Au fil des années, François Chaslin a cultivé avec le Plat Pays des liens d’une intime et féconde affiliation. Son admiration pour Victor Horta a trouvé des prolongements dans l’admiration qu’il portait à l’architecte belge Charles Vandenhove, qui, comme lui, cherchait à marier le classique et le moderne.

Grâce à Hugo Martin, archiviste à la Bibliothèque René Pechère à Bruxelles, François Chaslin rejoignit l’équipe du Prix Pechère. Il prit la présidence de la première édition du jury du Prix littéraire franco-belge René Pechère, distinction créée en 2008 sous l’égide de Jean Noël Capart et Paul Grosjean (prix organisé de 2008 à 2014 par la Bibliothèque René Pechère et repris ensuite, jusqu’en 2024, par le Comité René Pechère en collaboration avec le CIVA). Tous les deux ans, ce prix récompense un ouvrage francophone d’excellence consacré à l’art des jardins et du paysage. François Chaslin accompagnait les jurys, défendant rigueur scientifique, qualité d’écriture et richesse iconographique. Sa dernière présidence, en 2024, a distingué Jacques Moulin pour « Les jardins de Versailles - 1623-1715 », lors d’une cérémonie à la Galerie Bortier dans le centre de la capitale belge. François tissa également d’autres liens importants avec le milieu littéraire belge et des écrivains tels qu’Eugène Savitskaya.

Une telle fidélité témoigne de l’intérêt et de la curiosité qu’un humaniste et Européen comme François Chaslin portait à ses voisins d’Outre-Quiévrain. Nombreux furent les architectes belges (et français) qui, comme Xaveer De Geyter, Luc Deleu, Marie-José Van Hee ou Kersten Geers, à l’instar des récipiendaires du Prix René Pechère, à connaître les honneurs de son émission Métropolitains. Cette fidélité rejoint aussi l’esprit de René Pechère, créateur d’espaces remarquables et défenseur du patrimoine, qui voyait le jardin comme un lieu sacré où chacun trouve sa place dans la nature (cfr.

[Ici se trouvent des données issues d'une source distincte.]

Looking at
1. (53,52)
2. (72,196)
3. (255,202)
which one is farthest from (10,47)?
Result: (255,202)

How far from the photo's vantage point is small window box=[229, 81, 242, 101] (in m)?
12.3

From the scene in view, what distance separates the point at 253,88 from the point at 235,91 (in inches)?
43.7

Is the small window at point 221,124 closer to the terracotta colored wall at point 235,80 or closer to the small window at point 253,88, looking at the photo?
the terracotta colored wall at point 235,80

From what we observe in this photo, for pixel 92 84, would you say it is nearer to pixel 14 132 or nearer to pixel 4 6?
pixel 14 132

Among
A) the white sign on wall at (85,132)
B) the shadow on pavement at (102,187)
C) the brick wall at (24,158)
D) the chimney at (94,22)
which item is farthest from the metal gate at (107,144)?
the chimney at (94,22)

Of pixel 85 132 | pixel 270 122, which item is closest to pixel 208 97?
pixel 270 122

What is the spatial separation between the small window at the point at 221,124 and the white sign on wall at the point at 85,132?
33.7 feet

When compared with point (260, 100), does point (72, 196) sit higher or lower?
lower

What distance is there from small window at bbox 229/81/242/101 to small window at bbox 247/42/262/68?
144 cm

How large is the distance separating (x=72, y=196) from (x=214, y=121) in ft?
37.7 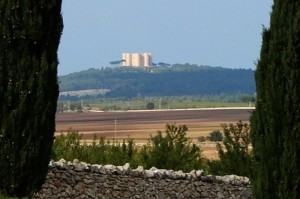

Expo 58).

Quand Chaslin rencontre Pechère…

Jean Noël Capart, ancien président du Comité René Pechère, souligne avec émotion la personnalité de son ami… « L’héritage de François Chaslin perdurera, car il avait ce don de maîtriser les outils médiatiques au service d’un débat intellectuel ouvert, exigeant mais non élitiste, sur l’architecture, la ville et la société ». Et d’ajouter… « Pour sûr, s’ils s’étaient rencontrés, René Pechère et François auraient certainement uni leur pensée en faveur de la pérennisation de la culture et du patrimoine ».